My main motivations for that are:

a) Loops that have an unknown static trip-count, but according to the profile have very low iteration counts (0 or 1). These should not be unrolled, and should never be vectorized either.

b) Remainder loops for hand-vectorized code. These will also not be unrolled - the trip-count is unknown, and doesn't have a known multiple. (We may end up with runtime unrolling and yet another "remainder loop", which doesn't really improve things.) And, of course, it's almost always a bad idea to vectorize these. (The exception may be something like hand-vectorization by 16, with a scalar remainder loop. We may want to vectorize that remainder by 4 and leave a smaller scalar remainder, but that sounds like a very small win.)

I agree that we probably want to fix (1) eventually, but that will still need a good trip count estimate, so it's in some sense orthogonal to improving the estimate in cases where it's not statically known exactly.

Can you please remind me why we're doing this? A loop with a small trip count should be unrolled if it is small, so we should really only be seeing here loops with small trip counts that have large bodies. That being the case, if vectorization looks profitable, why isn't it?

There are two separate reasons it may not be profitable:

  1. The one-time setup overhead for the vectorized loop - broadcasts, bounds computations for runtime checks, etc. is too high w.r.t the gain from vectorization.
  2. We should never use a VF that is higher than the trip-count, since if we do, we're only paying the price for the overhead, while in practice we'll only execute the scalar remainder loop. This is, of course, completely independent of the size of the loop body. (That may change if we start using masked vector remainder loops, but I think Intel experimented with that, and didn't get very good results, so I don't see this happening in the near future.)
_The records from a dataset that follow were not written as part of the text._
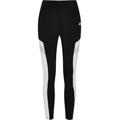 Leggings STARTER BLACK LABEL "Damen Ladies Starter Highwaist Sports Leggings" Gr. S, US-Größen, schwarz (black, white) Damen Hosen Leggings Sportleggings Tight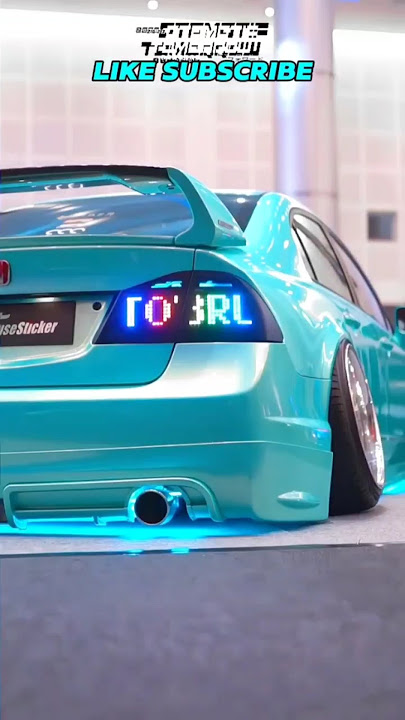 Honda Civic hijau papaya 😃👍 stanced di dunia #mazdarx8 #honda #otomotif #jdm  #stanced #cars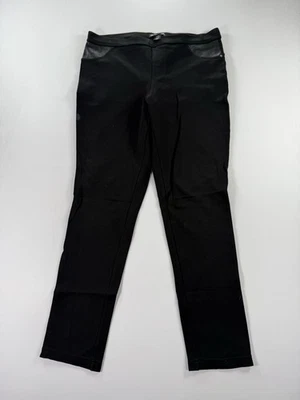 Pantalón DKNY TAPERED - Grande W32 L32 - Negro - Excelente Estado - Mujer’s Foto 1 de 4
For (1), what we should do, if we want to be precise, is compute the overhead cost, and then take both the cost and the expected number of iterations into account as part of the cost model. As to (2), the right way to deal with it would be to upper-bound the VF choice by the trip-count.

However, since we don't really model the overhead correctly what we have (and have had since forever) is this big hammer of just bailing out on loops with a small trip count. What I'm doing is extending this to uniformly cover all kinds of loops - that is, not only loops with a known exact static trip count, but also dynamic trip counts (for PGO builds) and static trip count bounds.

My main motivations for that are:

a) Loops that have an unknown static trip-count, but according to the profile have very low iteration counts (0 or 1). These should not be unrolled, and should never be vectorized either.

For 0 or 1, agreed.

b) Remainder loops for hand-vectorized code. These will also not be unrolled - the trip-count is unknown, and doesn't have a known multiple. (We may end up with runtime unrolling and yet another "remainder loop", which doesn't really improve things.) And, of course, it's almost always a bad idea to vectorize these. (The exception may be something like hand-vectorization by 16, with a scalar remainder loop. We may want to vectorize that remainder by 4 and leave a smaller scalar remainder, but that sounds like a very small win.)

I agree, but I think we're going about this the wrong way. The cost of the branching and runtime checks need to be factored into the cost model (which will be relevant for low-trip-count loops), and that should naturally prevent this kind of messiness. Just not vectorizing low-trip-count loops is suboptimial because it will miss cases where vectorization is quite profitable.

I agree that we probably want to fix (1) eventually, but that will still need a good trip count estimate, so it's in some sense orthogonal to improving the estimate in cases where it's not statically known exactly.

This revision was automatically updated to reflect the committed changes.